When considering which financing option is best for your business, the rule is to invest in assets that appreciate and finance those that depreciate. Companies today rely on the latest equipment and technology to run and operate their business successfully, but the value of those products comes from using them, not owning them. By leasing, customer transfers all uncertainties and risks of equipment ownership to the leasing company, which allows them to concentrate on using that equipment as a productive part of their business. Leasing is easy and covers 100% of the equipment cost and can also increase management control by consolidating equipment, service and supplies into one bill.
Simplicity
-One invoice, one contract
Flexibility
-Ability to add, deleted, and/or upgrade equipment on your lease
-Ability to customize as your needs change
Equipment Disposition
-Potential trade in value for displaced equipment
Control
-Customers can view and track all document volume and costs on one simple invoice
-Keep track of users and their print jobs
-Pool billing gives the ability to allocate costs for various document types or department budgets.
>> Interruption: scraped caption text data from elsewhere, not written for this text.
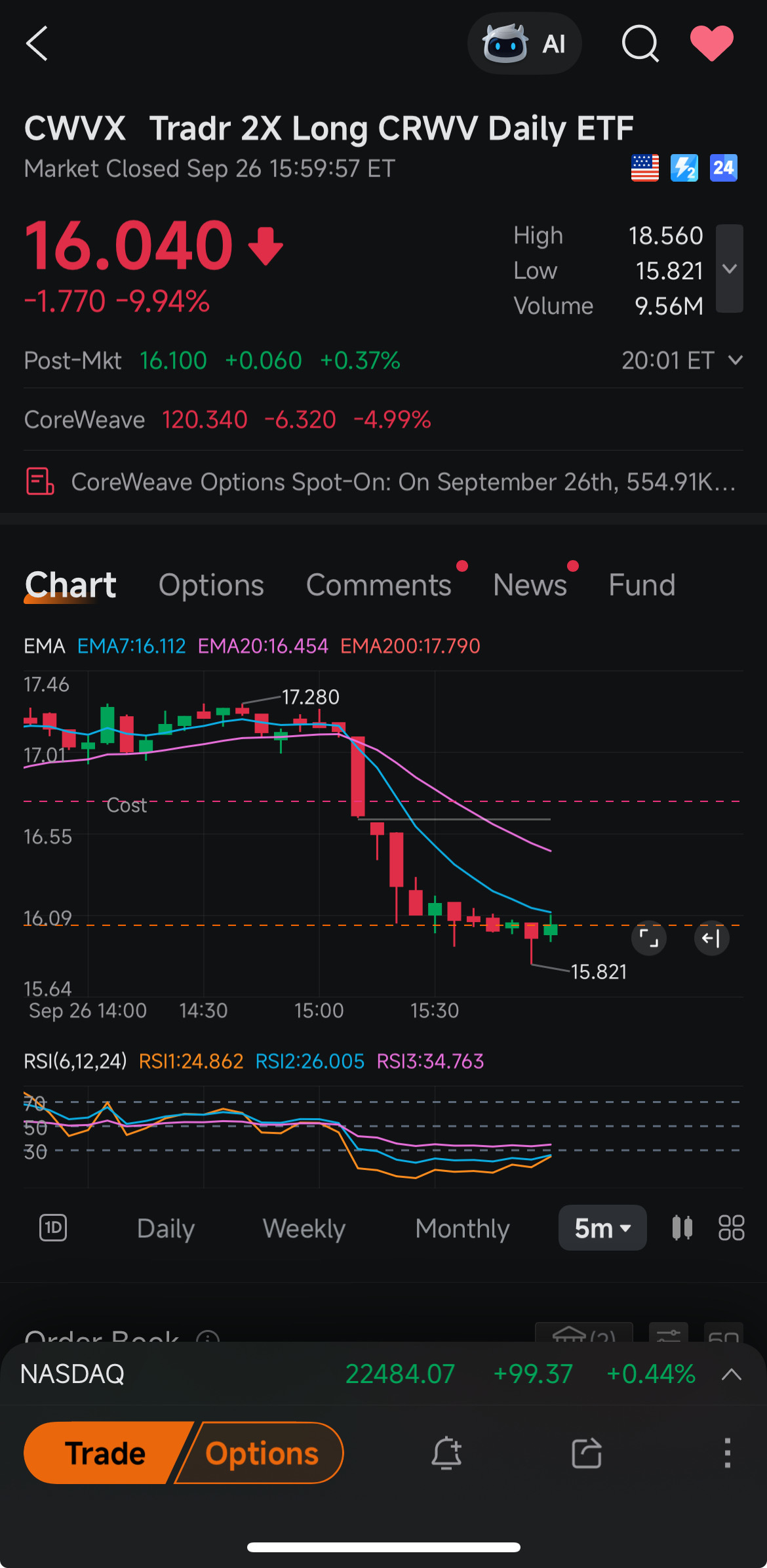 Tradr 2X Long CRWV Daily ETF (CWVX.US)$ last hour selloff o... - moomoo  Community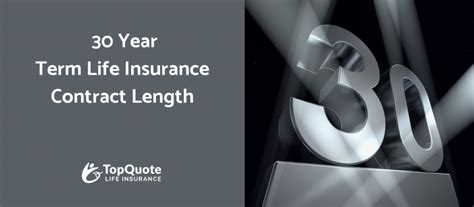 30 Year Term Life Insurance Fixed Premium Coverage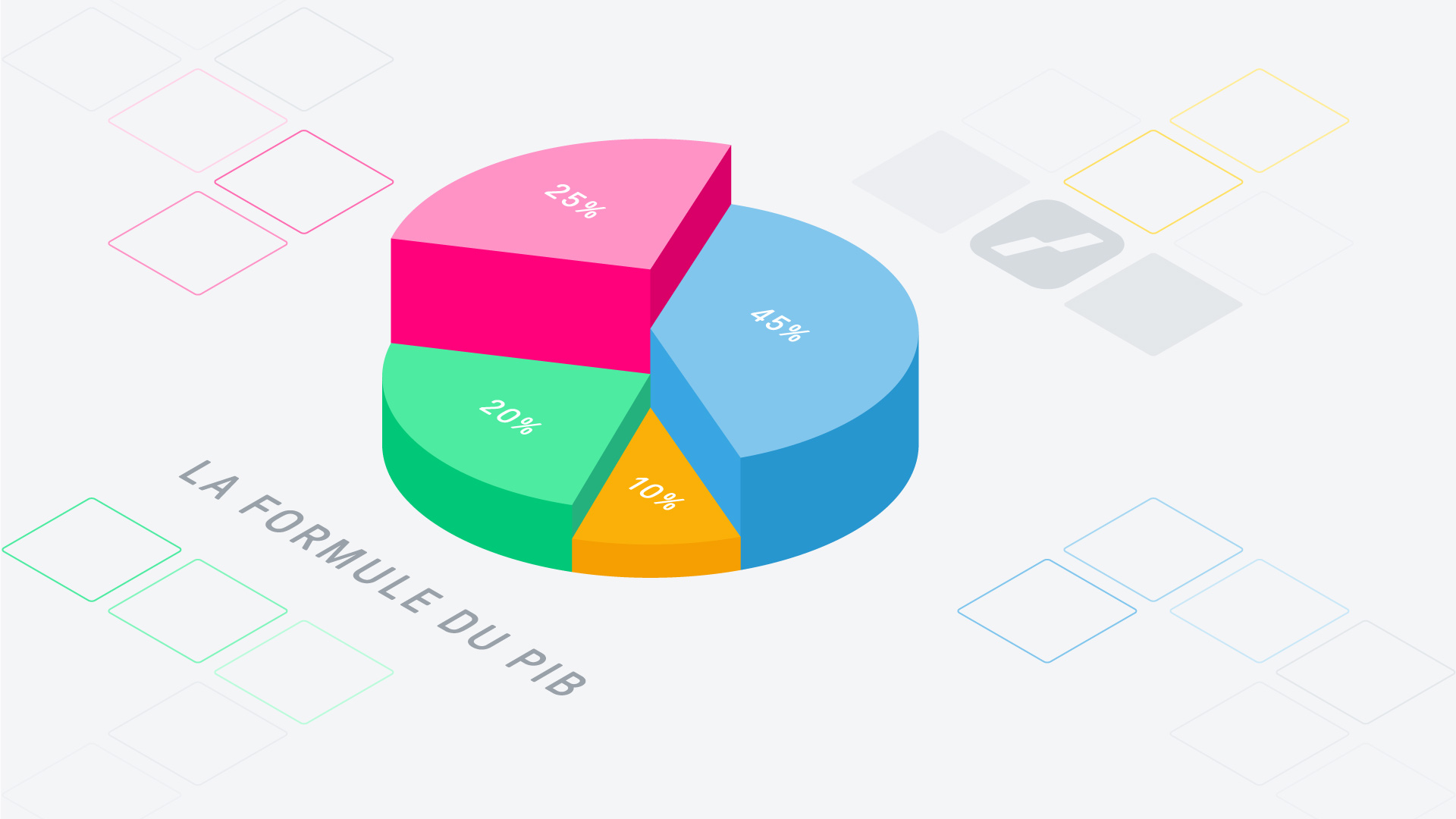 Graphique de répartition illustrant la formule du PIB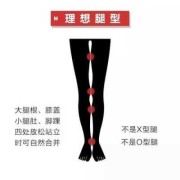 怀孕5个月，大腿变粗，走路内侧碰到，摩擦很痛。你们有吗,孕期胖大腿和屁股怎么减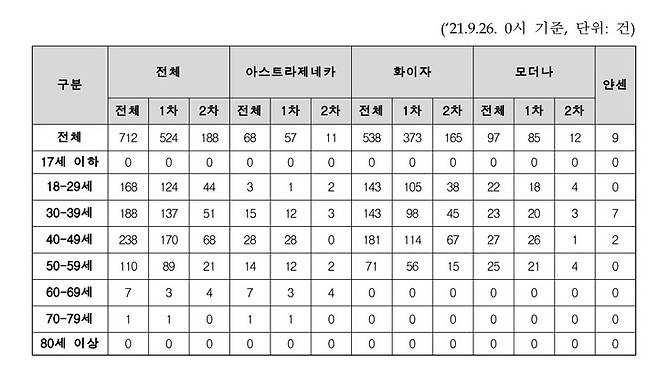 코로나19 백신 접종 후 부정출혈 등 신고 현황(출처 : 신현영 더불어민주당 의원실, 질병관리청) *재판매 및 DB 금지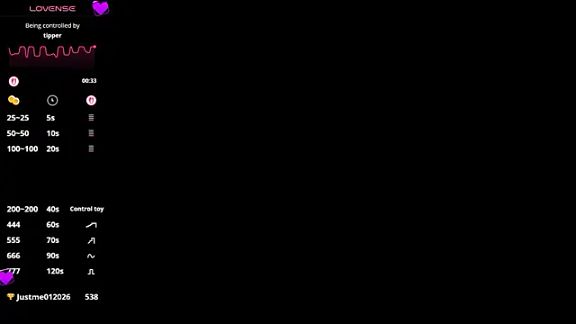 TrueViva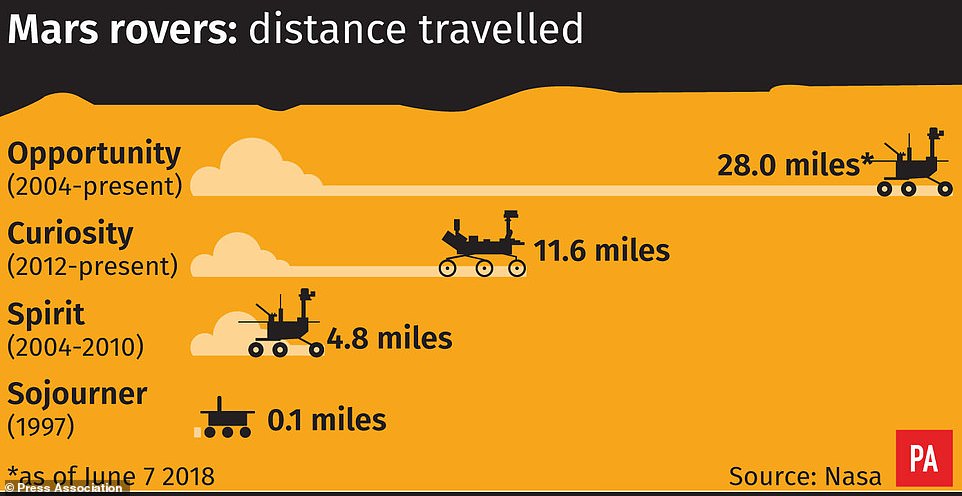 Nasa's Mars rover Opportunity has travelled further than all other Mars rovers combined.Â Opportunity landed on Mars in 2004 after being launched from Cape Canaveral with its fellow golf cart-sized twin, Spirit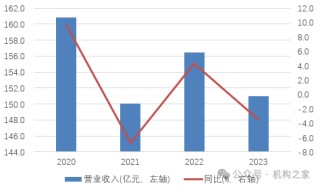 贵阳银行VS正威系：阶段性胜利背后 坏账阴云与业绩重压不散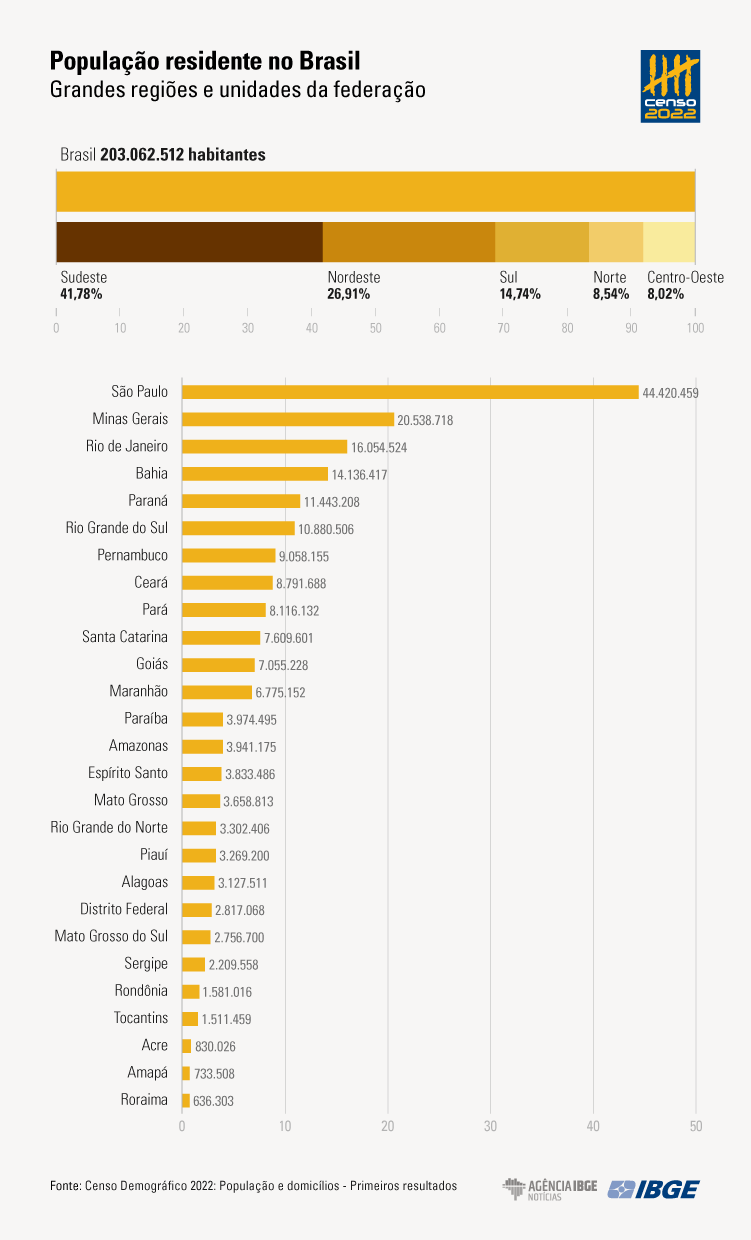 Censo: de 2010 a 2022, população brasileira cresce 6,5% e chega a 203,1 milhões - sudoestepaulista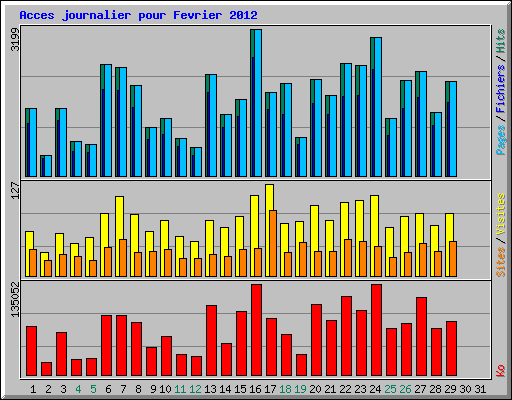 Acces journalier pour Fevrier 2012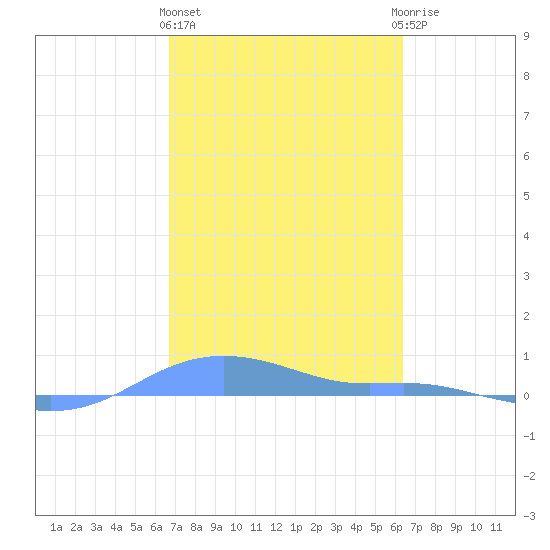 Magens Bay tide chart for Friday, February 23, 2024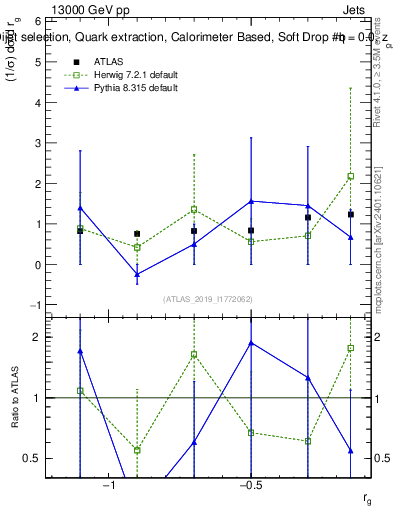 Plot of softdrop.rg in 13000 GeV pp collisions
Preserve bank credit lines
-Your lease doesn’t affect your existing borrowing limits with your bank. You still have 100% of your credit available for other needs.
Conserve working capital
-Cash isn’t tied up in overhead; it’s free for income producing investments. Or your cash and savings may be reinvested in your business to create earnings which will reduce the net cash cost of leasing.
Off balance sheet disclosure
-As a CPC program may qualify for favorable off-balance sheet disclosure. Please consult your tax advisor.